_Work instructions:_
Take the lines below from the one with "Bionic Commando - Enemy" through the one with "Premium Digital Blood" and print only them, exactly. Don't print the pictures.

Dataset START

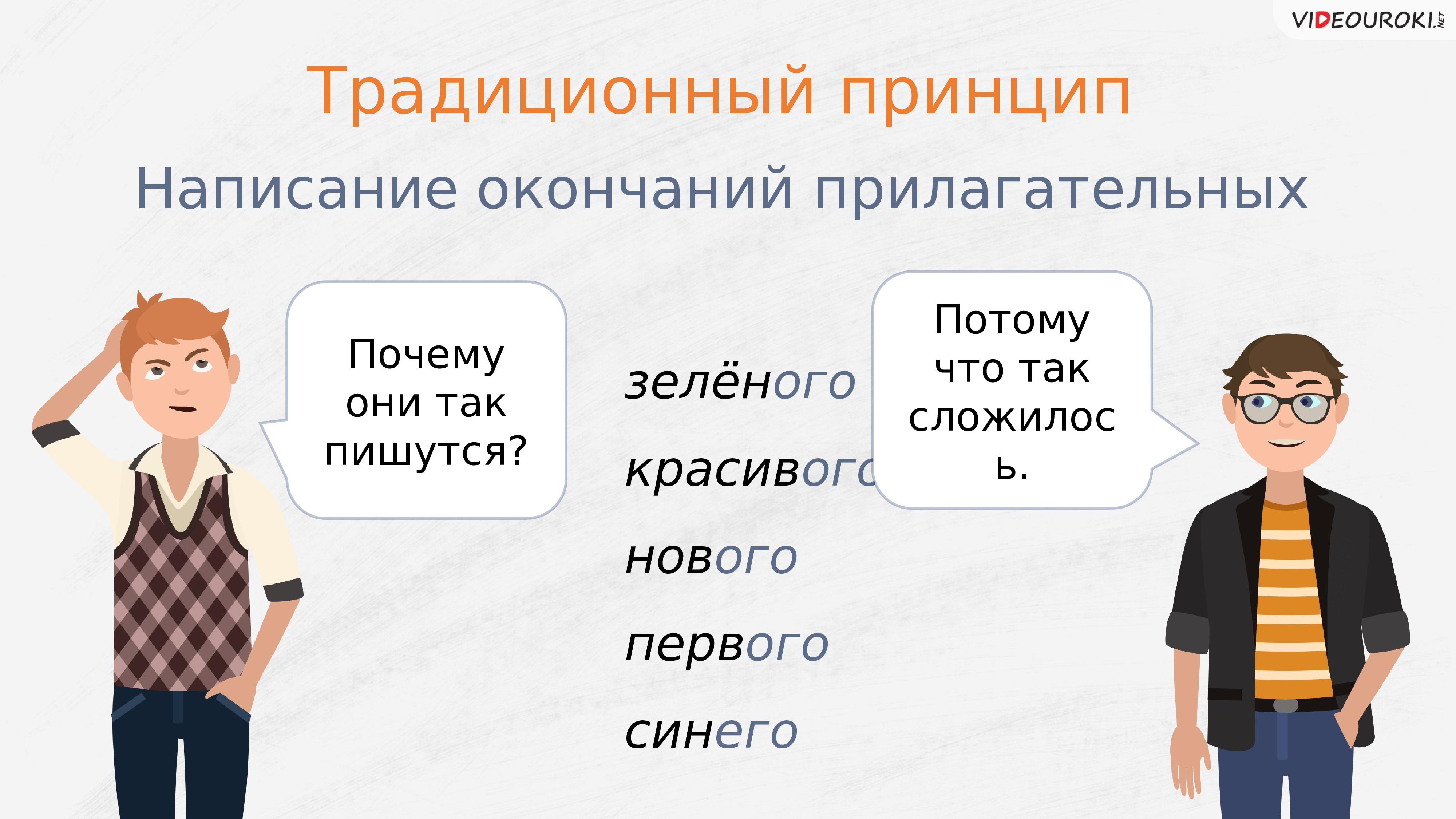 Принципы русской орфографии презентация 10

Dataset END
Dataset START

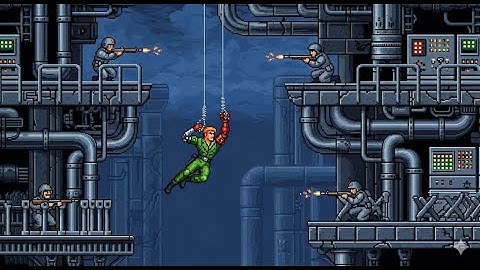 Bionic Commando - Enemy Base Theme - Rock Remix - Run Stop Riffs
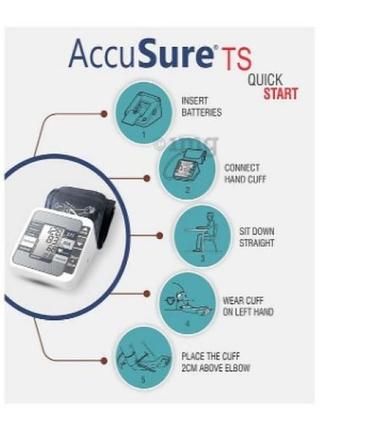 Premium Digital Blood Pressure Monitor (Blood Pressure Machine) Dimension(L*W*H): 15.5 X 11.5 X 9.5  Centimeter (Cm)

Dataset END

_Reply:_
 Bionic Commando - Enemy Base Theme - Rock Remix - Run Stop Riffs
 Premium Digital Blood Pressure Monitor (Blood Pressure Machine) Dimension(L*W*H): 15.5 X 11.5 X 9.5  Centimeter (Cm)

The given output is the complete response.